INFORMATION SUPPLIED

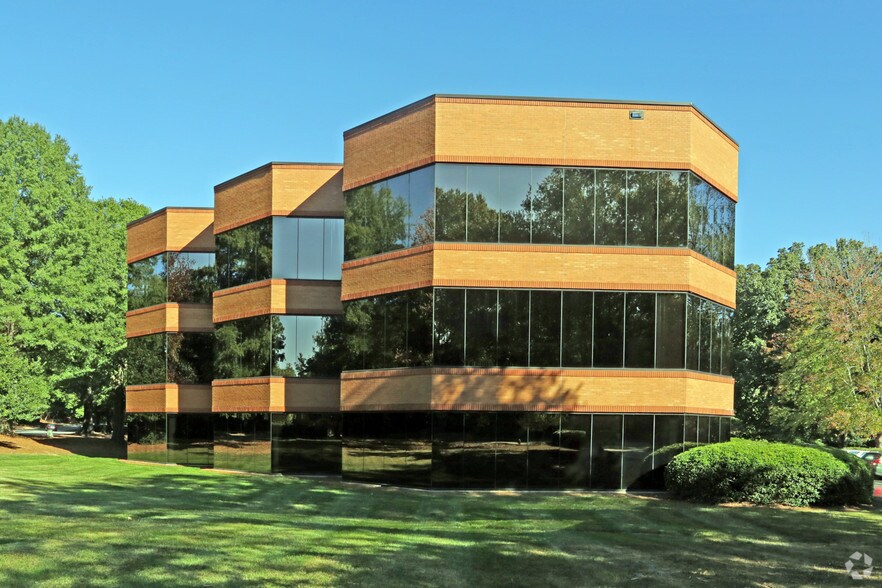 More Photos Of 113 Edinburgh Dr S, Cary Office For Lease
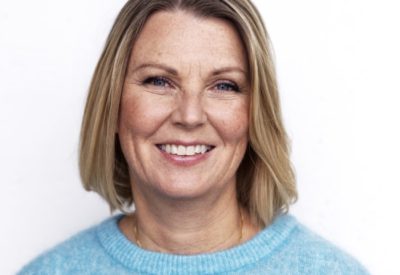 Porträtt på Petra Krantz Lindgren i ljust blå tröja, bakgrunden är vit.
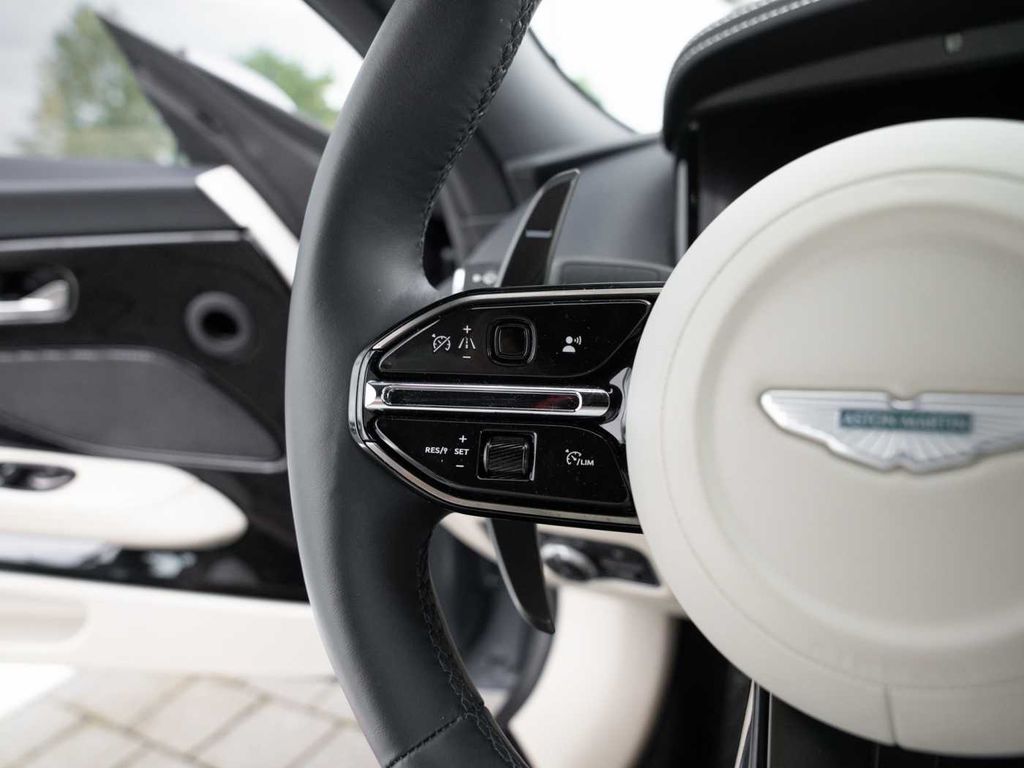 Aston Martin DB12 2024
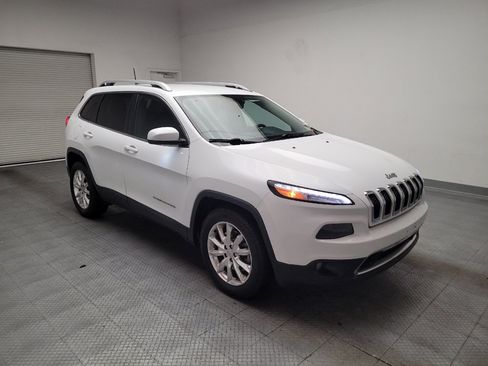 Used 2017 Jeep Cherokee Limited FWD image 13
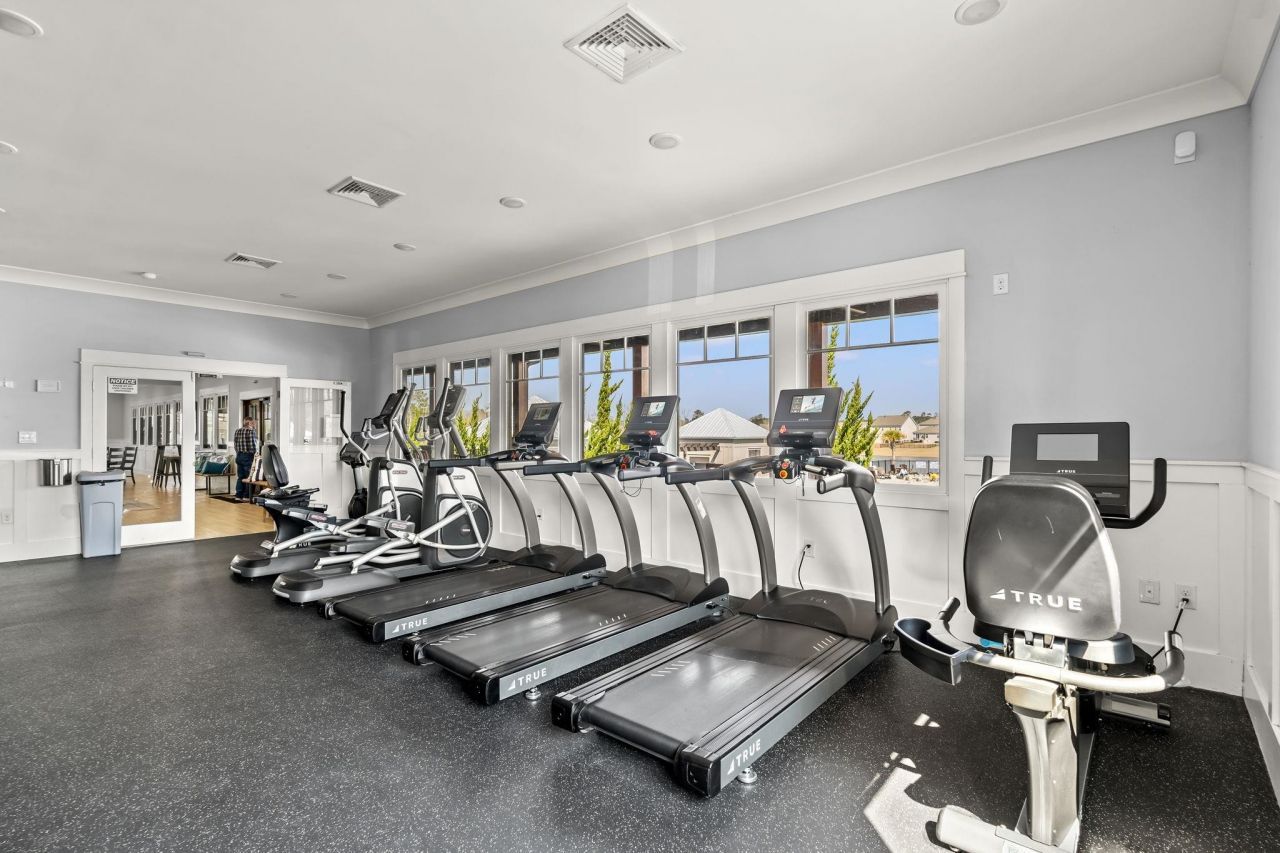 3025 Sutherland Dr. Photo 37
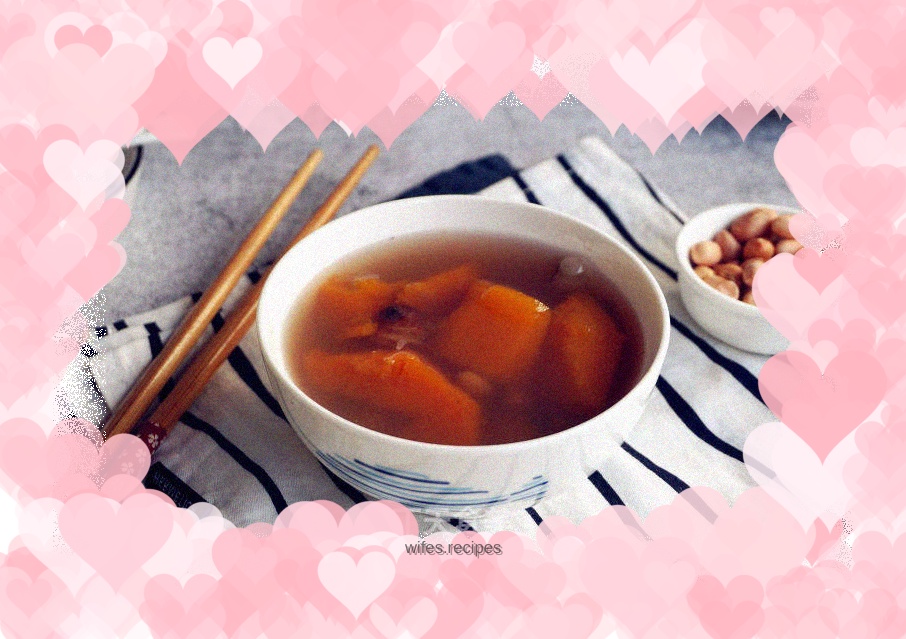 Papaya, lotus seeds and crucian carp soup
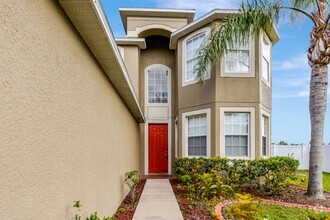 Building Photo - Great Home.  Freshly Painted and new flooring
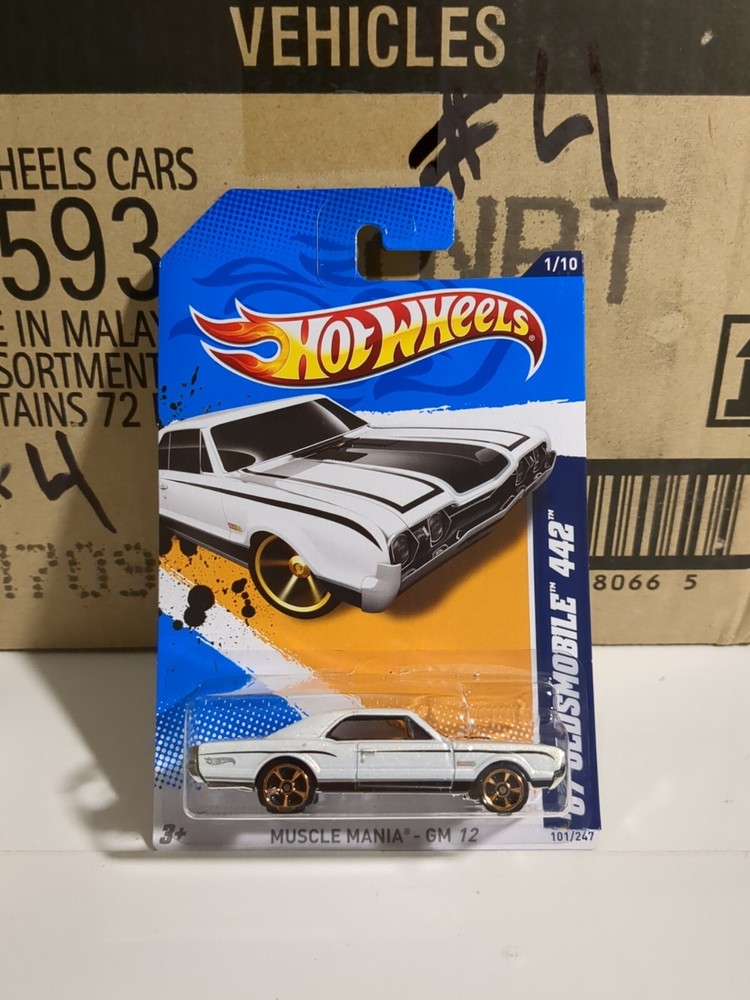2012 Hot Wheels #101 '67 Oldsmobile 442 White 1/10 Muscle Mania GM '12  Gold MC5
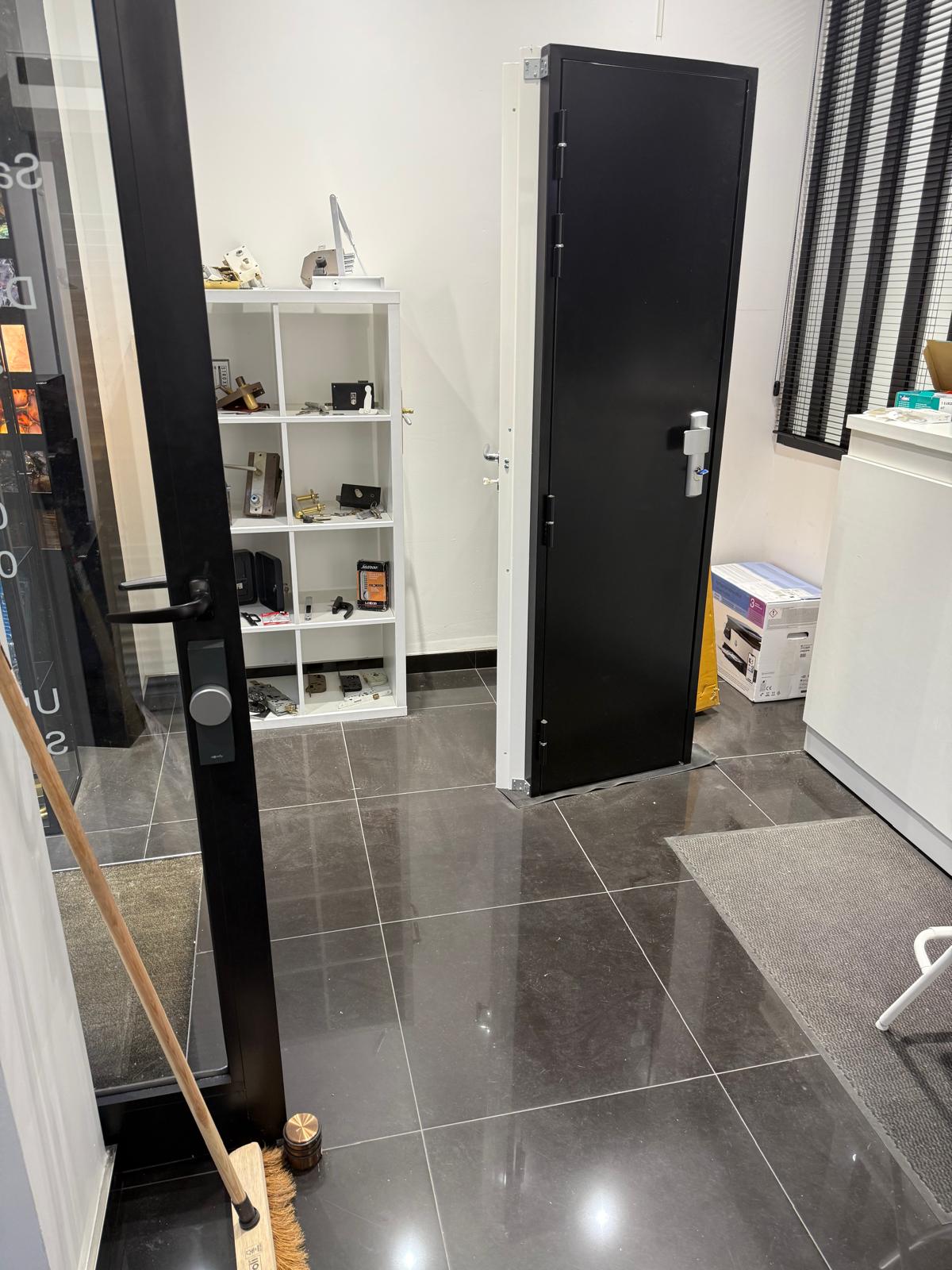 Pièces détachées et coin atelier au showroom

WHAT IS NEEDED
Exactly as written, print each entry, leaving all pictures out.

SOLVED PROBLEM
 More Photos Of 113 Edinburgh Dr S, Cary Office For Lease
 Porträtt på Petra Krantz Lindgren i ljust blå tröja, bakgrunden är vit.
 Aston Martin DB12 2024
 Used 2017 Jeep Cherokee Limited FWD image 13
 3025 Sutherland Dr. Photo 37
 Papaya, lotus seeds and crucian carp soup
 Building Photo - Great Home.  Freshly Painted and new flooring
2012 Hot Wheels #101 '67 Oldsmobile 442 White 1/10 Muscle Mania GM '12  Gold MC5
 Pièces détachées et coin atelier au showroom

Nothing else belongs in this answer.